Whatever appears in the entries must be given again exactly.

Material to process Start Marker

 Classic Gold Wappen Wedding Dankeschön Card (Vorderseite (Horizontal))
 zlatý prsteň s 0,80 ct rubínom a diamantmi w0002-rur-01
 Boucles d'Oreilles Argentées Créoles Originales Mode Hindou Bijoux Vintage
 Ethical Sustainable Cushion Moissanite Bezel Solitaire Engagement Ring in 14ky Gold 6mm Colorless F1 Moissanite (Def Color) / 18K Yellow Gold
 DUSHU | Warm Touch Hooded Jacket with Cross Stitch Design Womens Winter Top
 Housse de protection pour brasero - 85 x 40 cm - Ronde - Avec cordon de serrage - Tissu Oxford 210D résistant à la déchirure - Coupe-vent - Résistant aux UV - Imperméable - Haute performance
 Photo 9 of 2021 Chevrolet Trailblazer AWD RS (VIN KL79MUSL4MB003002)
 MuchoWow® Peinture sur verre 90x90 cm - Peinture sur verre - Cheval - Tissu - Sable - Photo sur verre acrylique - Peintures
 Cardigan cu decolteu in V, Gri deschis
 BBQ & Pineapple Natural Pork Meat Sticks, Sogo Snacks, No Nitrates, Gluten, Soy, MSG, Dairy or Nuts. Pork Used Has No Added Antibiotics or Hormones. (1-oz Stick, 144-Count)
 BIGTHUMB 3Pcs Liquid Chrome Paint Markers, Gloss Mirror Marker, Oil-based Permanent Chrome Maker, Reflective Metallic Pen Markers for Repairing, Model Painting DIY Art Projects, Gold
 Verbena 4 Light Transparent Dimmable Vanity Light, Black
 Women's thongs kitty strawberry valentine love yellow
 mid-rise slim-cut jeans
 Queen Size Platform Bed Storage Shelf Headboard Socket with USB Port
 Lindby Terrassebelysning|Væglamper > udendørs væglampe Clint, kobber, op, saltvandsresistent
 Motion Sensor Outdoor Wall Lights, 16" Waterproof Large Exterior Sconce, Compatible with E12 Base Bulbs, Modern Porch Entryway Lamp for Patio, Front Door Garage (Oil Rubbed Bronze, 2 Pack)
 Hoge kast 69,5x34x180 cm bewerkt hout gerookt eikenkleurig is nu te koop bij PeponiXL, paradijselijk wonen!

Material to process End Marker

### Result for this task
 Classic Gold Wappen Wedding Dankeschön Card (Vorderseite (Horizontal))
 zlatý prsteň s 0,80 ct rubínom a diamantmi w0002-rur-01
 Boucles d'Oreilles Argentées Créoles Originales Mode Hindou Bijoux Vintage
 Ethical Sustainable Cushion Moissanite Bezel Solitaire Engagement Ring in 14ky Gold 6mm Colorless F1 Moissanite (Def Color) / 18K Yellow Gold
 DUSHU | Warm Touch Hooded Jacket with Cross Stitch Design Womens Winter Top
 Housse de protection pour brasero - 85 x 40 cm - Ronde - Avec cordon de serrage - Tissu Oxford 210D résistant à la déchirure - Coupe-vent - Résistant aux UV - Imperméable - Haute performance
 Photo 9 of 2021 Chevrolet Trailblazer AWD RS (VIN KL79MUSL4MB003002)
 MuchoWow® Peinture sur verre 90x90 cm - Peinture sur verre - Cheval - Tissu - Sable - Photo sur verre acrylique - Peintures
 Cardigan cu decolteu in V, Gri deschis
 BBQ & Pineapple Natural Pork Meat Sticks, Sogo Snacks, No Nitrates, Gluten, Soy, MSG, Dairy or Nuts. Pork Used Has No Added Antibiotics or Hormones. (1-oz Stick, 144-Count)
 BIGTHUMB 3Pcs Liquid Chrome Paint Markers, Gloss Mirror Marker, Oil-based Permanent Chrome Maker, Reflective Metallic Pen Markers for Repairing, Model Painting DIY Art Projects, Gold
 Verbena 4 Light Transparent Dimmable Vanity Light, Black
 Women's thongs kitty strawberry valentine love yellow
 mid-rise slim-cut jeans
 Queen Size Platform Bed Storage Shelf Headboard Socket with USB Port
 Lindby Terrassebelysning|Væglamper > udendørs væglampe Clint, kobber, op, saltvandsresistent
 Motion Sensor Outdoor Wall Lights, 16" Waterproof Large Exterior Sconce, Compatible with E12 Base Bulbs, Modern Porch Entryway Lamp for Patio, Front Door Garage (Oil Rubbed Bronze, 2 Pack)
 Hoge kast 69,5x34x180 cm bewerkt hout gerookt eikenkleurig is nu te koop bij PeponiXL, paradijselijk wonen!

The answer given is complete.